Entries taken from a collection
:::

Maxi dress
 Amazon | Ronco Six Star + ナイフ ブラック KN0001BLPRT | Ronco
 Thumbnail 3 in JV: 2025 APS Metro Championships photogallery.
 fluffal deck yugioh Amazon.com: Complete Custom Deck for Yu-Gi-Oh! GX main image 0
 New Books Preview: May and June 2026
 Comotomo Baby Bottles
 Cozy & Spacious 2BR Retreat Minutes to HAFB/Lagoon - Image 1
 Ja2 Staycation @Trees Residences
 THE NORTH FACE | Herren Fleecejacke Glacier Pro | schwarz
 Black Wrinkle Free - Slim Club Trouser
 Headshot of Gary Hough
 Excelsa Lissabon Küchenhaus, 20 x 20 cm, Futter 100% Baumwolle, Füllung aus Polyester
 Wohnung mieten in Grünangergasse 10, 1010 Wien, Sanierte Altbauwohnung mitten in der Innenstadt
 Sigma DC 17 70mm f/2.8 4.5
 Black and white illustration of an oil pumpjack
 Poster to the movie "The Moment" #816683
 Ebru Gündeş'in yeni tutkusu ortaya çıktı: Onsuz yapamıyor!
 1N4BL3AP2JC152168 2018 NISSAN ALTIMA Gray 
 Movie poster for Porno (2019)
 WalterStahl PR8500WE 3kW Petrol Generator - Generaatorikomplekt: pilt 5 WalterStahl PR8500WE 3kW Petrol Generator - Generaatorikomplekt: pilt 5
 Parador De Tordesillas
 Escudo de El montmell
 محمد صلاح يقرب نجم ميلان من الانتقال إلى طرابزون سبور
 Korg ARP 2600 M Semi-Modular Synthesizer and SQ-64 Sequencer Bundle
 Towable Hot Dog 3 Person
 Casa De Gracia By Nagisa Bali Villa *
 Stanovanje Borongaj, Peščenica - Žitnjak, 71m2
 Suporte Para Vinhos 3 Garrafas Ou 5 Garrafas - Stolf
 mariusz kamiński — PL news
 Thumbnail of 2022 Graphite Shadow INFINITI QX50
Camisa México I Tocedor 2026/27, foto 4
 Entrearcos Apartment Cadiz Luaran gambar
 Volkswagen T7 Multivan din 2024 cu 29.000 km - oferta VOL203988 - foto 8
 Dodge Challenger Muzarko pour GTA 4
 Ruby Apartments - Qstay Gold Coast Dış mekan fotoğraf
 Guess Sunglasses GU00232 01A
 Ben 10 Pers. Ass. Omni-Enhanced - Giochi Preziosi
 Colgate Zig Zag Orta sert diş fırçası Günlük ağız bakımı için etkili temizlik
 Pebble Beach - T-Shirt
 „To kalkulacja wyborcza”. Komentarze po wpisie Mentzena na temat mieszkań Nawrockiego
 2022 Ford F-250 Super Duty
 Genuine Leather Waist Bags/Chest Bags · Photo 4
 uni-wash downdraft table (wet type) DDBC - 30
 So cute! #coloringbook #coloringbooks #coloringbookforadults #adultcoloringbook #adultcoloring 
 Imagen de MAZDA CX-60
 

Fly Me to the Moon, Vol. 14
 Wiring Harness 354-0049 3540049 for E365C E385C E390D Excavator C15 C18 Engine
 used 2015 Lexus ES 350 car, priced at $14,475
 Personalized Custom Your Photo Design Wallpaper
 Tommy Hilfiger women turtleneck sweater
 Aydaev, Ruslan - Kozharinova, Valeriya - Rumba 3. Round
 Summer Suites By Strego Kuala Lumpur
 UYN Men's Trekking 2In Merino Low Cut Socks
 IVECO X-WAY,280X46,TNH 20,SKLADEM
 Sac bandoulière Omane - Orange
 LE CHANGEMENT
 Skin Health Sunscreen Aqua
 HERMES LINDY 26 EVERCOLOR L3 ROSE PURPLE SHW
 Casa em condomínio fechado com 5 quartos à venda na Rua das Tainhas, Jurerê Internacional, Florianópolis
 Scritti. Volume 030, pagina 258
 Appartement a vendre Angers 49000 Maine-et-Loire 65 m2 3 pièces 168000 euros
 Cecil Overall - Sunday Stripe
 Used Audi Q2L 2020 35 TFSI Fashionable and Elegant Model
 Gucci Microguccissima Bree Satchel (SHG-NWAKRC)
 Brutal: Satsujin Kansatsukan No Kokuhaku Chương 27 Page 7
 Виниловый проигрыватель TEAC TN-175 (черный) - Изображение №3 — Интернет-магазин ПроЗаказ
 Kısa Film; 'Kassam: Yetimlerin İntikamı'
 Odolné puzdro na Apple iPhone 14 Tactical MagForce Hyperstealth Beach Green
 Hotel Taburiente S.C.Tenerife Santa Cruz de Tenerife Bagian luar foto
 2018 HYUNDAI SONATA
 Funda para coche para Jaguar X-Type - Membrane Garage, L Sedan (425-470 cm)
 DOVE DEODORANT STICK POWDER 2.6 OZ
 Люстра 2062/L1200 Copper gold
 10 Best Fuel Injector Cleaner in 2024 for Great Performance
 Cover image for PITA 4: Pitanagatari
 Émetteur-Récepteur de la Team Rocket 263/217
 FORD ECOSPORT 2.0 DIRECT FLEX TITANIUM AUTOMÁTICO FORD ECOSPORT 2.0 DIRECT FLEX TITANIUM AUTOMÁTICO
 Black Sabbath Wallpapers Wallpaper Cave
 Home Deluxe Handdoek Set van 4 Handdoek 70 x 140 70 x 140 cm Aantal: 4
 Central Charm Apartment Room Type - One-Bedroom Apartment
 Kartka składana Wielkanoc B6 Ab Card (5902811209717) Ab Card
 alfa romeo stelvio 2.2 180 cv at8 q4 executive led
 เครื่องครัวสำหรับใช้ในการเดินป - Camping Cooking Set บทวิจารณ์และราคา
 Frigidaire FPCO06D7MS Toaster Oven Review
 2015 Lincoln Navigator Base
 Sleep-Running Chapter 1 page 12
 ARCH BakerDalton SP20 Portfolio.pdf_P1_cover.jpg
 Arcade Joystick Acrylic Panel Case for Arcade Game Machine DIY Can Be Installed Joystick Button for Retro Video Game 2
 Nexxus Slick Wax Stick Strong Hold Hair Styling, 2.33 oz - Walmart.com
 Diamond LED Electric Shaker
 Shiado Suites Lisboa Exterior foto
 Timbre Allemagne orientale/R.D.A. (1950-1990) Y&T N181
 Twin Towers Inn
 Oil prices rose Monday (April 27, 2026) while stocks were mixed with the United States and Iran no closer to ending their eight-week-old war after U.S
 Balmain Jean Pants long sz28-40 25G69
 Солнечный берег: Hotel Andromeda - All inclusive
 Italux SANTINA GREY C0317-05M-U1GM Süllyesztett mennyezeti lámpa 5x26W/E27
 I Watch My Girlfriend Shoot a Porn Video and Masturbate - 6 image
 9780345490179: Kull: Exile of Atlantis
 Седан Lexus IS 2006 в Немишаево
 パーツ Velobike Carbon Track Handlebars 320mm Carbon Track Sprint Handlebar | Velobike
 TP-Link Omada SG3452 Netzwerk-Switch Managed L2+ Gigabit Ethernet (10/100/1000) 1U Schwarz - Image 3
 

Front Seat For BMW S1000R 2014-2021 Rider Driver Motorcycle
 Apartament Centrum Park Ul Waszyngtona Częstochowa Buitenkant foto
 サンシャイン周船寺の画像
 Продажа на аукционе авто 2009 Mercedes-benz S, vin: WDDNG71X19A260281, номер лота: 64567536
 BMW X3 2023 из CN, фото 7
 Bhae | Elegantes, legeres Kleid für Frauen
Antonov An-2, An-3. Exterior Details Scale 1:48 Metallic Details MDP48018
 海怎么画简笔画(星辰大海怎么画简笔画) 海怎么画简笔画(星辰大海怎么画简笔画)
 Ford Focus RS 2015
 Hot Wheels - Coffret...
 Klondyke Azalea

:::

Beginning at the line with "Korg ARP 2600" and ending at the line with "Pebble Beach - T-Shirt", reproduce each line of the data above exactly, and add no other lines.

■ **TASK OUTPUT**
 Korg ARP 2600 M Semi-Modular Synthesizer and SQ-64 Sequencer Bundle
 Towable Hot Dog 3 Person
 Casa De Gracia By Nagisa Bali Villa *
 Stanovanje Borongaj, Peščenica - Žitnjak, 71m2
 Suporte Para Vinhos 3 Garrafas Ou 5 Garrafas - Stolf
 mariusz kamiński — PL news
 Thumbnail of 2022 Graphite Shadow INFINITI QX50
Camisa México I Tocedor 2026/27, foto 4
 Entrearcos Apartment Cadiz Luaran gambar
 Volkswagen T7 Multivan din 2024 cu 29.000 km - oferta VOL203988 - foto 8
 Dodge Challenger Muzarko pour GTA 4
 Ruby Apartments - Qstay Gold Coast Dış mekan fotoğraf
 Guess Sunglasses GU00232 01A
 Ben 10 Pers. Ass. Omni-Enhanced - Giochi Preziosi
 Colgate Zig Zag Orta sert diş fırçası Günlük ağız bakımı için etkili temizlik
 Pebble Beach - T-Shirt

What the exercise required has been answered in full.